I love Miss Knight. She has Victorian manners but with some snark and sass. She is powerful and has powerful friends to back her up. Mystery with strong paranormal aspects. Great book.
This was the first book I've read by this author. I enjoyed it very much. There were a lot of different types of characters in this book. There was a witch, a ghost, a vampire and a werewolf (just in one family). I also received two other books from the author (Thank you very much!). I just finished the first one (review to follow).
This was light and entertaining as always. I think she's scrapped this series and integrated it into the original making book 8 in the paranormal books. 4 stars.
5 STARS ALL THE WAY !!!!! The first reading had me enthralled with this author’s talent, skill and dry humour! I then purchased as many stories written by Vered as I could possible find. Which are many ! All entertaining, all filled with her style of wit and humour, and all so magically spellbinding. It wasn’t long (book 2 ) that Vered became my absolute #1 FAVOURITE AUTHOR. Each book thereafter confirmed my choice in making Vered my #1.
Any fan of Vered Ehsani's Society for Paranormals series of books (ME!) will be thrilled that our dear friends from those stories are back.
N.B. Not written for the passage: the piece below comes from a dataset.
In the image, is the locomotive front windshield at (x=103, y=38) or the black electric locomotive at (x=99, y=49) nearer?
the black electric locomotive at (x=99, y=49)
This is what Murder She Wrote/Cabot Cove/Jessica Fletcher would be like if the writing on that TV series was edgier, the settings more treacherous, and the characters were quirkier and more FUN. The humor is dry, the "paranormals" are fantastical, and the murder mystery is Case One for this new Cozy Tea Shoppe Mystery series. The very first sentence, "A dead body doesn't necessarily scare away customers," tells you everything you need to know about what lies ahead - and had me LOL. Our heroine, Bee, is as clever and awkward and endearing as ever in her new endeavors. These include opening a tea shoppe in Nairobi in the year 1900, worrying over her beloved husband's in-house incarceration and subsequent trial, dealing with her relatives' idiosyncrasies and issues (including the ghost of her meddlesome dead first husband), solving the mystery before someone very dear to her is the next victim, and most troubling - trying to be a good aunt to her baby niece and a good surrogate mother to a baby monkey when she barely has any maternal instinct at all. I highly recommend this book, and hope you will fall in love with this new series as much as I did. I can't wait for Case Two... I was given an advance copy of this book, and have given it my honest review - honestly!